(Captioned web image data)
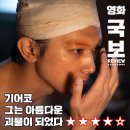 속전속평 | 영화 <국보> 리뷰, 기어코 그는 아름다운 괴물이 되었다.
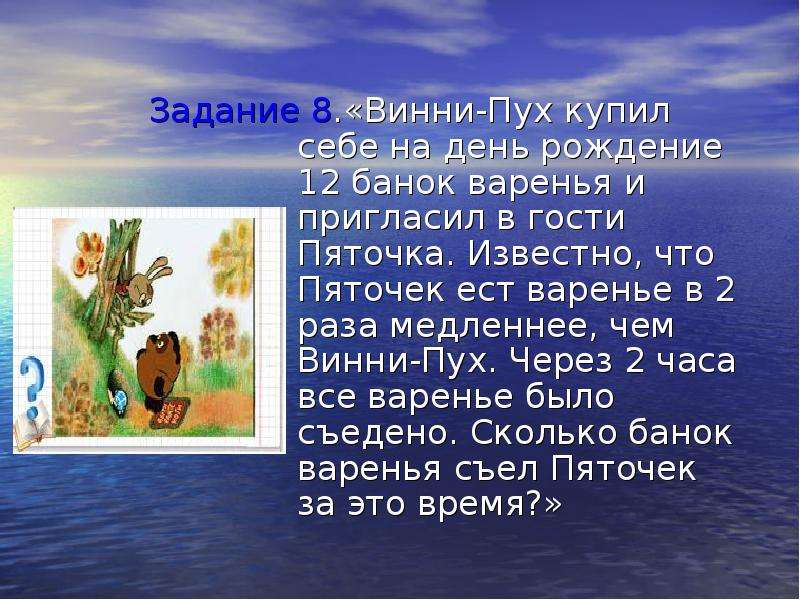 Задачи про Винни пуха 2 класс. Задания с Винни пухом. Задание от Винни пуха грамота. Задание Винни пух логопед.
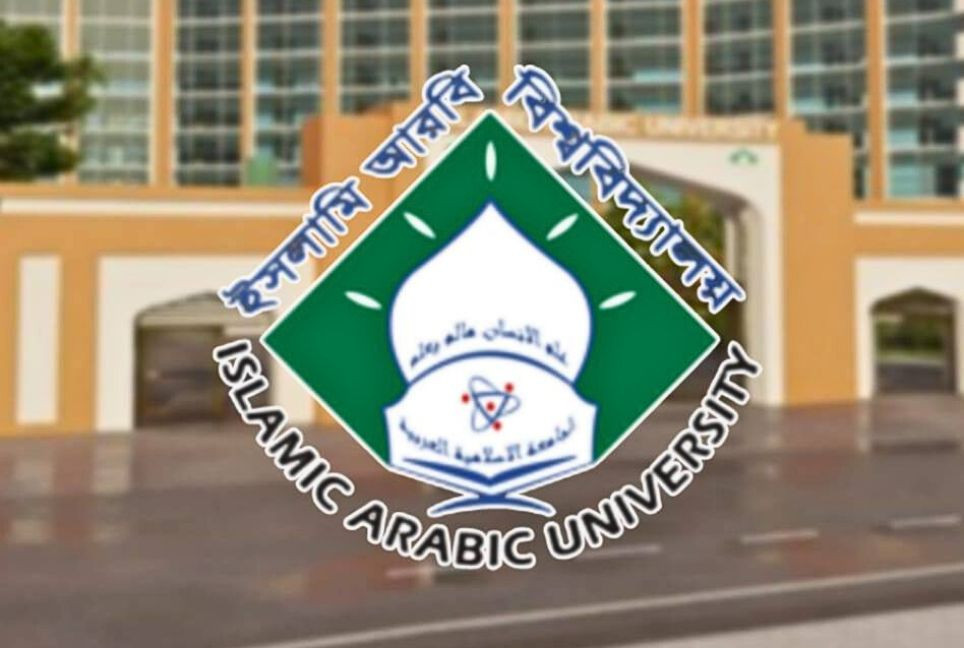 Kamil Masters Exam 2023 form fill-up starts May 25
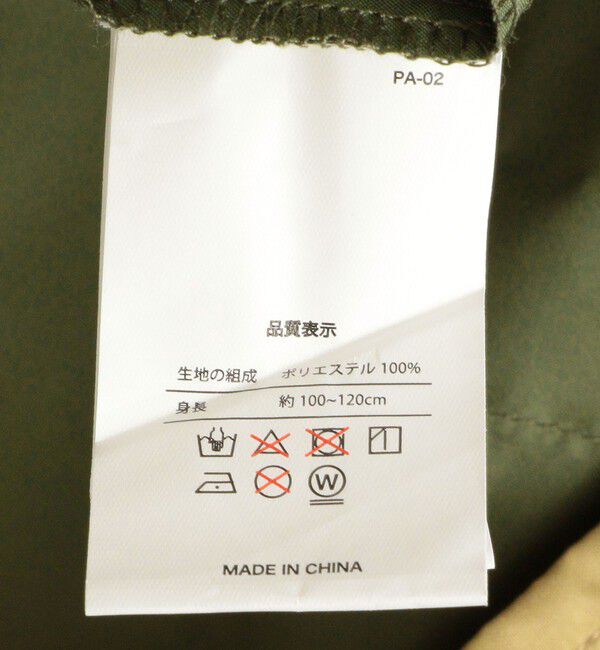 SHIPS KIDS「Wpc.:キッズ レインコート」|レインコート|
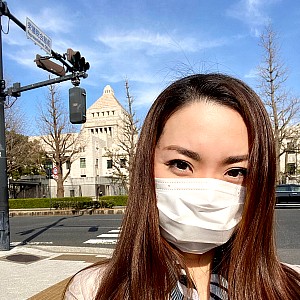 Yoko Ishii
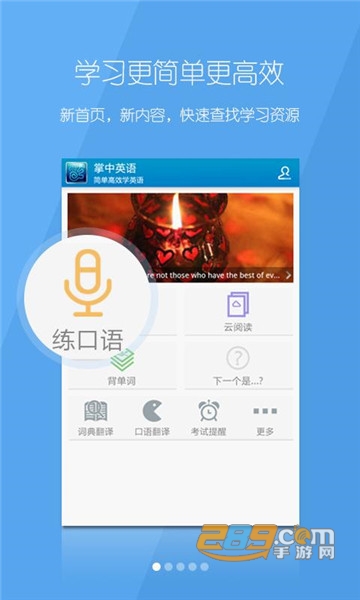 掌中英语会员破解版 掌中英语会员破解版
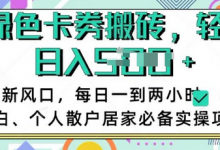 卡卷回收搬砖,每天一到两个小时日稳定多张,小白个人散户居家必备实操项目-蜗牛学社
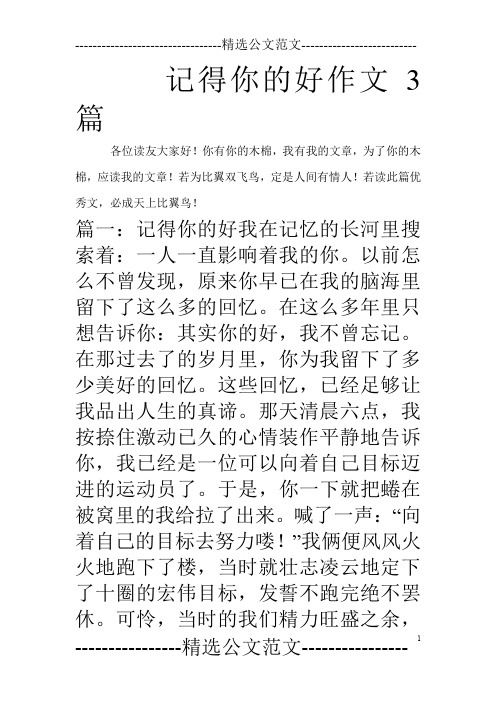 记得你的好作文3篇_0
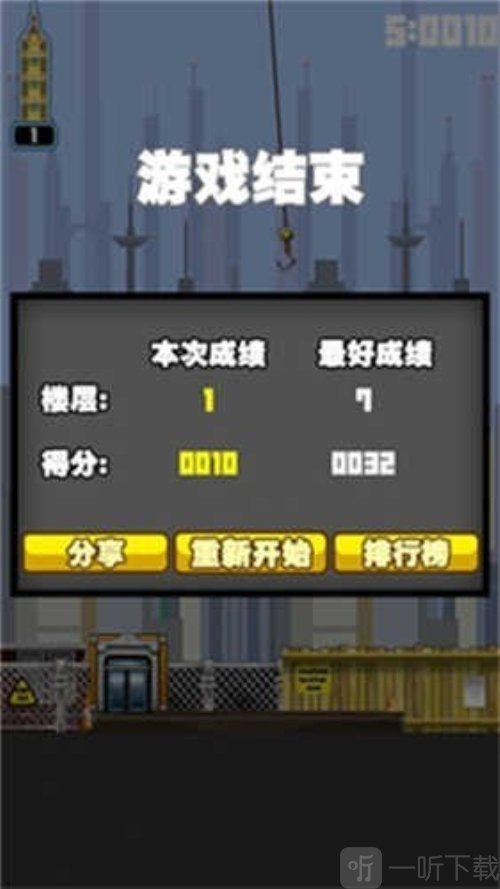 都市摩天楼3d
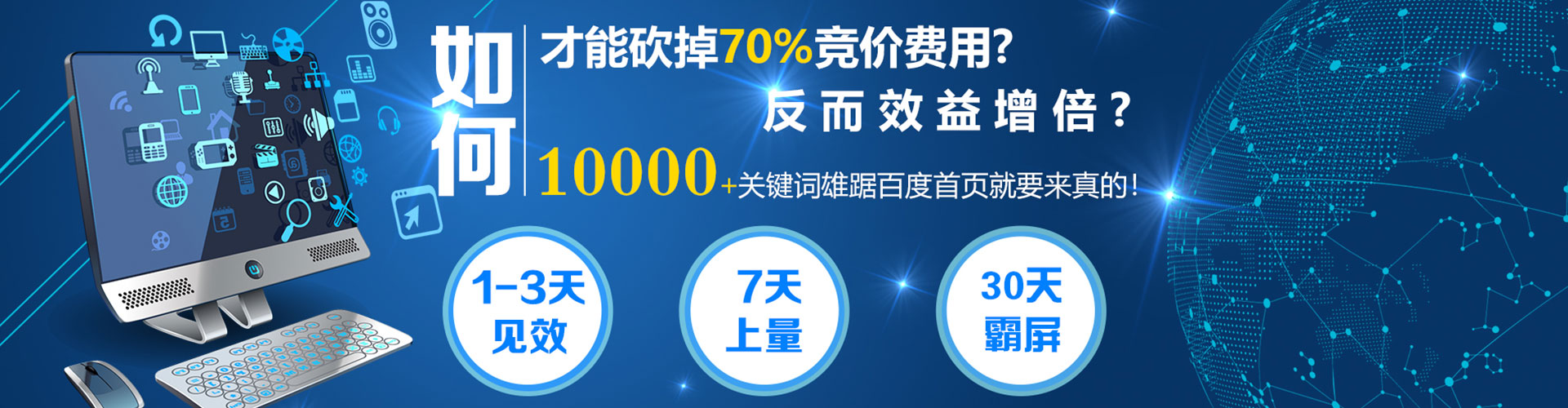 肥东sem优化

TRY IT: What you should return is the exact text of every line from the top of the entries through the line with "SHIPS KIDS「Wpc.:キッズ レインコート」|レインコート|", pictures removed.

ANSWER TO THE EXERCISE:
 속전속평 | 영화 <국보> 리뷰, 기어코 그는 아름다운 괴물이 되었다.
 Задачи про Винни пуха 2 класс. Задания с Винни пухом. Задание от Винни пуха грамота. Задание Винни пух логопед.
 Kamil Masters Exam 2023 form fill-up starts May 25
 SHIPS KIDS「Wpc.:キッズ レインコート」|レインコート|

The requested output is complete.